* [Task requirements]:
Copy exactly the lines of the records below, starting at the line that contains "1317 Hines Ave, Other" and continuing through the last line, both included; omit any pictures.
Start of Data for this task
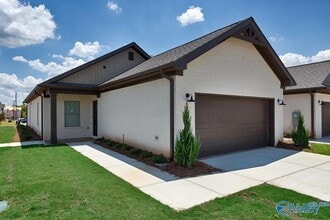 Building Photo - 10 Mountain Vis Cir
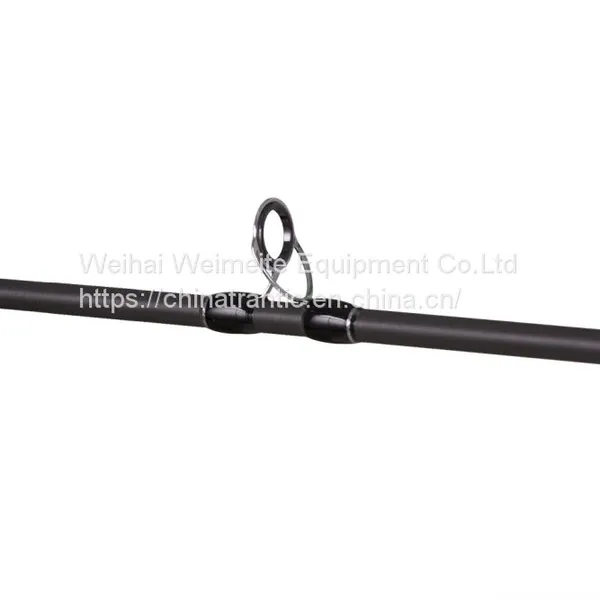 Lure Tianhai China Weimeite Fishing Rods photo-2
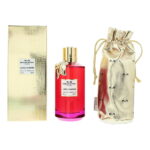 Mancera, Lovely Garden, Parfumwater, Uniseks, 120 ml - Afbeelding 3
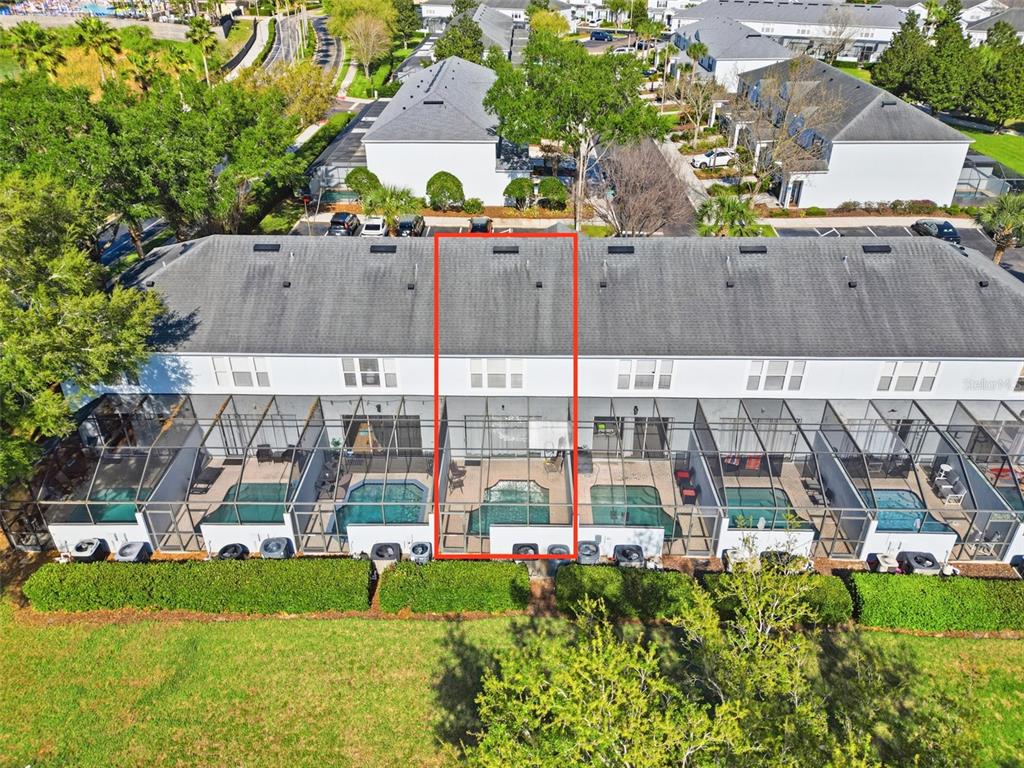 2556 Renshaw Street Kissimmee, FL 34747 - Photo 21 of 26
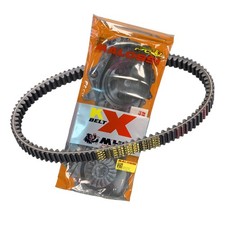 MF2728 Cinghia Malossi X K Belt in Kevlar per Zontes 368D 368E 368G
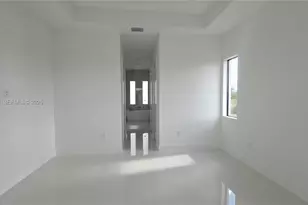 1317 Hines Ave, Other City - In The State Of Florida, FL 33972 - Photo 27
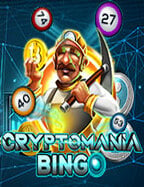 สูตร บา คา ร่า ใหม่ ฟรี ที่คุณไม่ควรพลาด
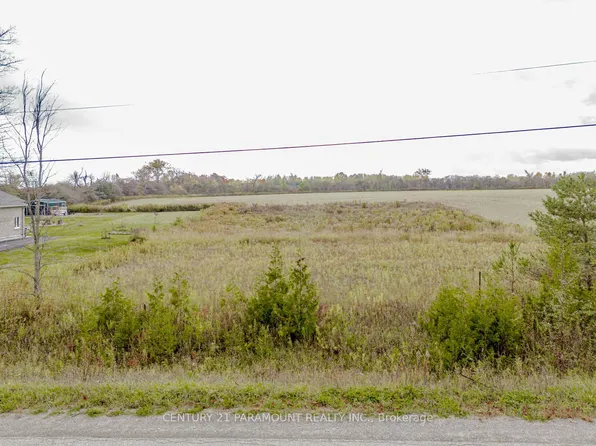 18888 Kennedy Rd, Caledon, ON L7K 1Y1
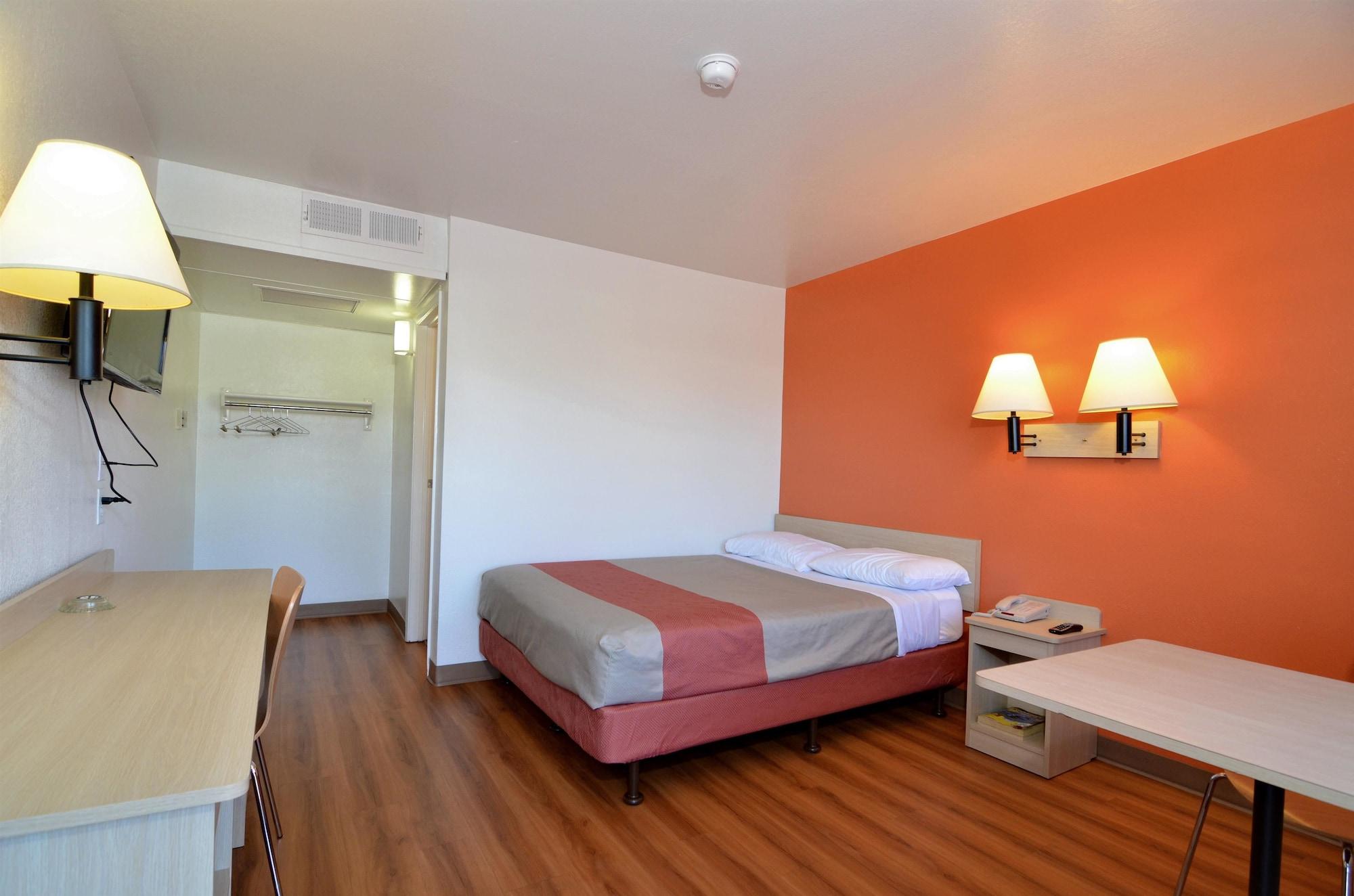 6-indio, Ca - Palm Springs Hotel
End of Data for this task
* [Finished exercise]:
 1317 Hines Ave, Other City - In The State Of Florida, FL 33972 - Photo 27
 สูตร บา คา ร่า ใหม่ ฟรี ที่คุณไม่ควรพลาด
 18888 Kennedy Rd, Caledon, ON L7K 1Y1
 6-indio, Ca - Palm Springs Hotel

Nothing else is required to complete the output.